WHAT IS EXPECTED | Type the records that follow again exactly as written, but drop the pictures.

*** Opening DATA UNDER STUDY ***

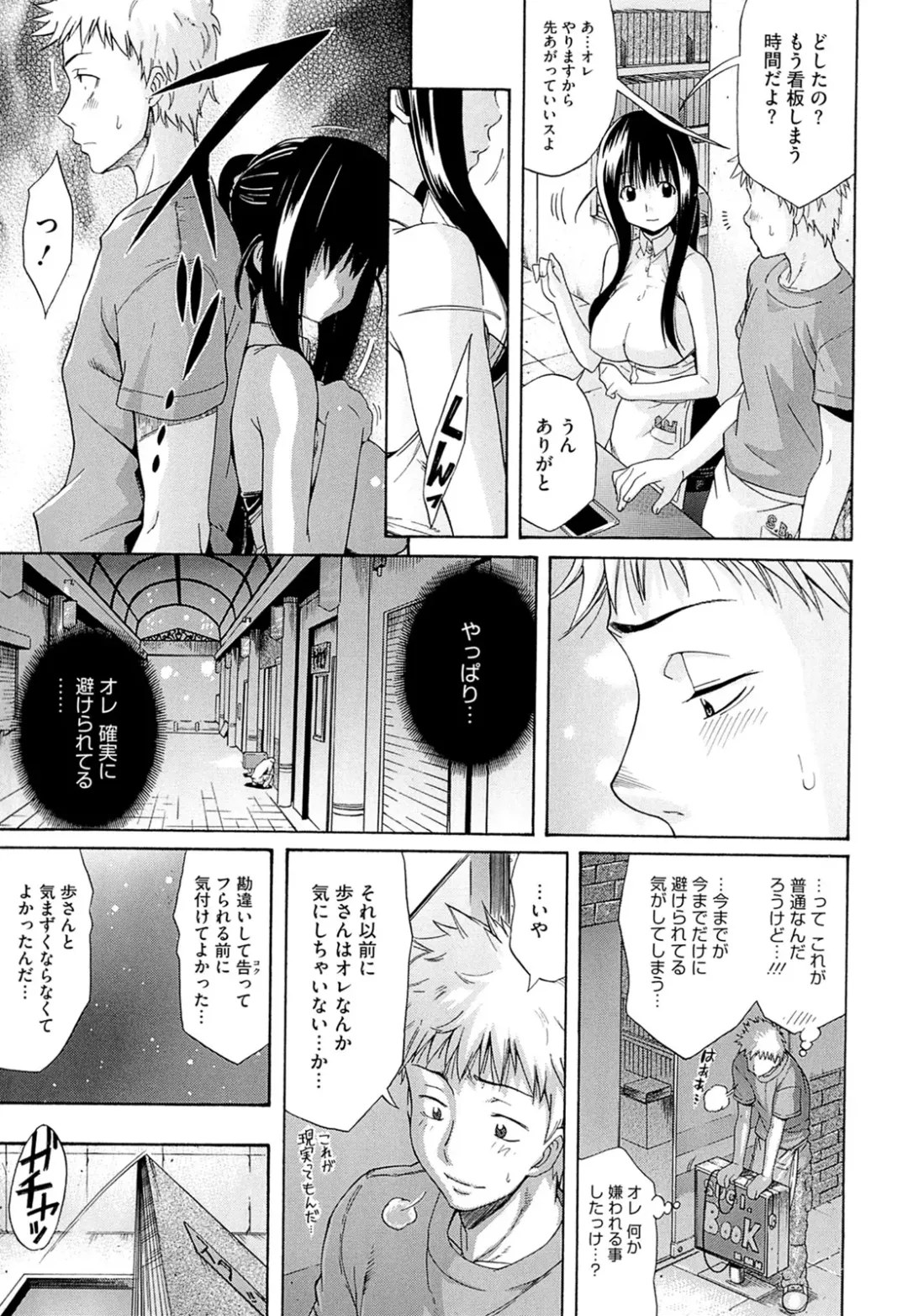 [Amatarou] flower Fhentai - Page 139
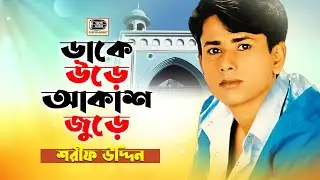 শরীফ উদ্দীন | ঝাকে উড়ে আকাশ জুড়ে | Sharif Uddin | Jhake Ure Akash Jure | মুর্শিদীগান | Sur Sangeet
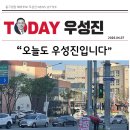 입석네거리 이미지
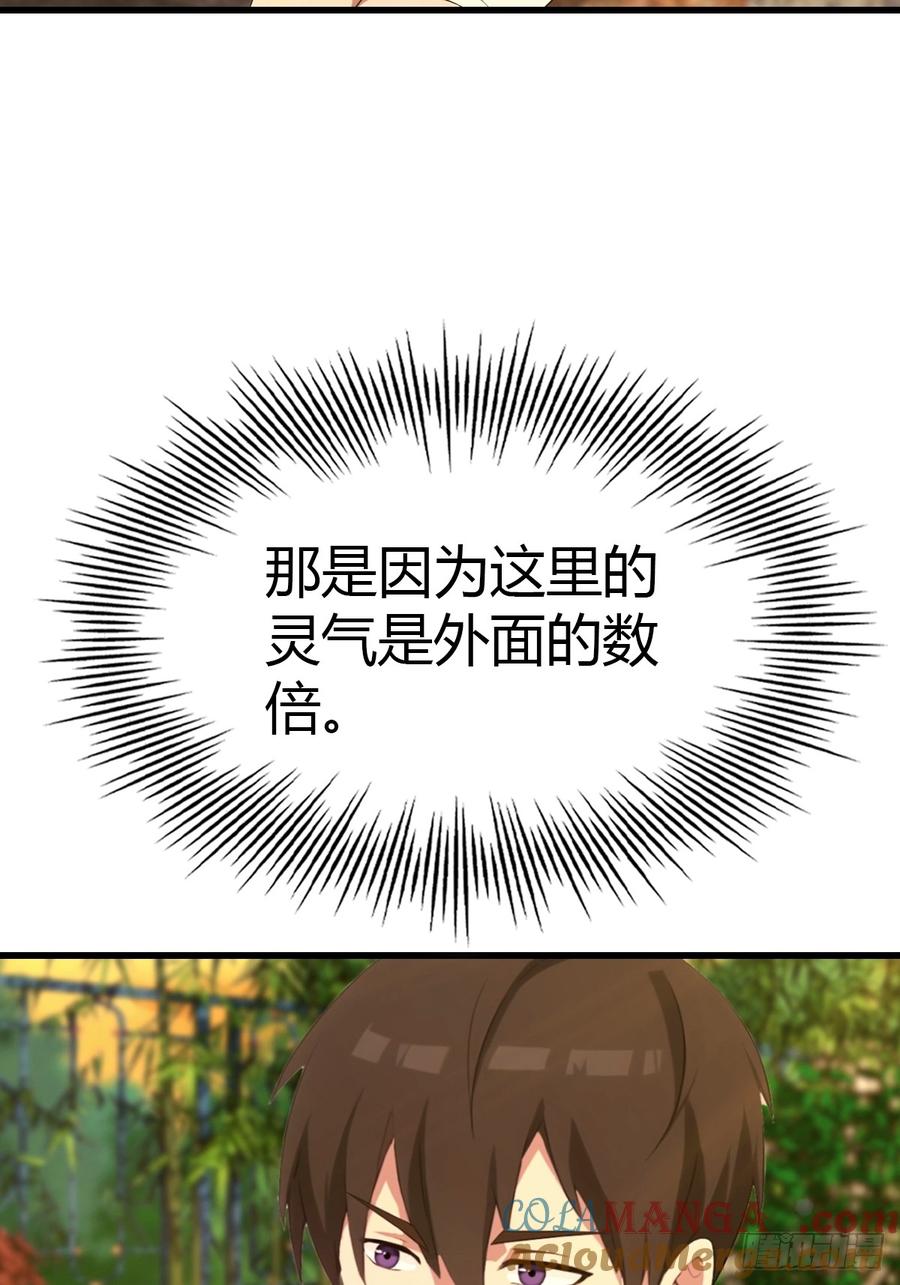 《都市圣手：我即医武巅峰》第29话 激活灵根 第29页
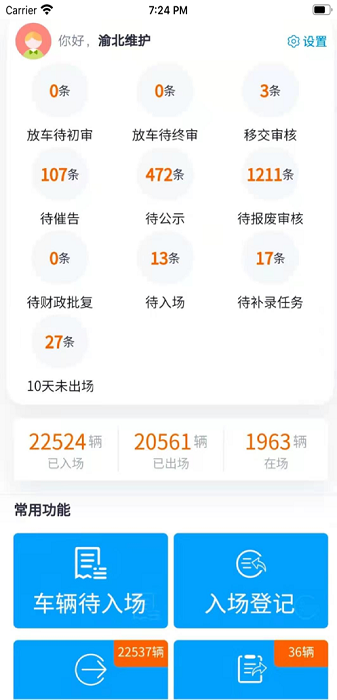 畅通车管家app下载-畅通车管家手机版下载v2.4.1安卓版&苹果版_商务办公_36397绿色下载网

*** Closing DATA UNDER STUDY ***

EXERCISE SOLUTION |
 [Amatarou] flower Fhentai - Page 139
 শরীফ উদ্দীন | ঝাকে উড়ে আকাশ জুড়ে | Sharif Uddin | Jhake Ure Akash Jure | মুর্শিদীগান | Sur Sangeet
 입석네거리 이미지
 《都市圣手：我即医武巅峰》第29话 激活灵根 第29页
 畅通车管家app下载-畅通车管家手机版下载v2.4.1安卓版&苹果版_商务办公_36397绿色下载网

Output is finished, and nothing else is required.